Universalista, ajeno a todo centralismo dominante, interesado por el carácter inclusivo del habla y el canto, de voz queda, aficionado, como los grandes del bossa brasileño, a la atonalidad —ha editado un disco que saca partido de la desafinación, The Shutov Assembly (1992)—, varios de música para aeropuertos, salas de espera, películas no rodadas, espacios imaginados…, Brian Eno es el más inteligente de los anti-héroes del pop-rock y, según anota el periodista Paul Morley en un ensayo añadido a la reedición de My Life in the Bush of Ghosts, el único cuya música nos invita a poner en duda nuestras ideas preconcebidas o el fanatismo provocado por la industria de la moda y la manipulación cultural. Por ejemplo, propone Morley, si estamos ante un disco de pop, como todos basado en el la unidad básica del loop de batería y bajo, qué pasaría si en el disco de Eno y Byrne tocase Miles Davis, si Stockhausen fuese africano, si las selvas fuesen eléctricas, si dejásemos de considerar obligatoria la música divertida, graciosa, de farra, de karaoke, y la entendiésemos otra vez como sagrada…
Hace apenas unas semanas Eno declaró en su web, mostrando lo absurdo del egocentrismo de las estrellas musicales y la banalización del pop: “Mi visión del futuro es un lugar donde a la gente no le preocupe si algo es arte o no lo es, sino si funciona o no”.
Si en el planeta reside un chamán que domine eso que llamamos con ligereza excesiva música del mundo, solo puede ser Brian Peter George St. John le Baptiste de la Salle Eno. Incapaz de manejarse con pentagramas y normas de ritmo, tono y color al uso, el múltiple no-músico más prolífico de las últimas cuatro décadas, cumplió el 15 de mayo pasado 70 años.
Melancólico, con tendencia a desconfiar de sí mismo, insomne, solitario, temeroso de los aviones y las fotografías, colecciona fósiles, le gusta la radio de onda corta, no sabe conducir, es un ávido lector de libros (de papel), le encanta la pintura de Francis Bacon, ejerce a diario la duda y aborrece los ordenadores porque “hay poco de África en ellos” —lo cual no le impidió realizar la suite musical del sistema operativo Windows 95, con una de cuyas sexis y provocativas microsinfonías (duración máxima: 3,15 segundos) comienza esta playlist—.

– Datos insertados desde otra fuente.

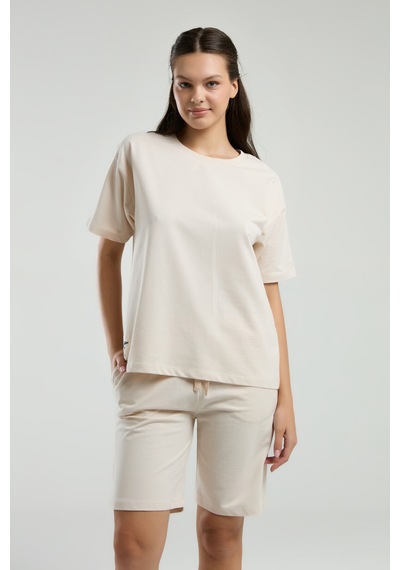 Rolypoly Kadın Krem Şort Takım Rp3592-s-v4 Krem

La aproximación, por necesidad, no es de la amplitud merecida. Se abre con algunos de los caprichos personales de Eno: desde las músicas seriadas para tranquilizar a bebés de Raymond Scott, al canon de Pachelbel que manipuló para convertirlo en sonido ambiental de espera en los conciertos de su primer grupo, los glam Roxy Music... Aparece también el góspel fogoso de Dorothy Love Coates, la cantante de iglesia que gritaba más que Little Richard.
El eje de la selección es la música del disco capital de Eno, My Life in the Bush of Ghosts, que editó a dúo con David Byrne en 1981. Se trata de una “visión psicodélica de África” con un uso apremiante de samples, mezclas de pinchadiscos de emisoras de radio, predicadores y exorcistas.
Fue un cataclismo que cambió las fuentes de las que bebían los ritmos globales y llevó a las pistas de baile de todo el mundo la convulsión del delirio étnico.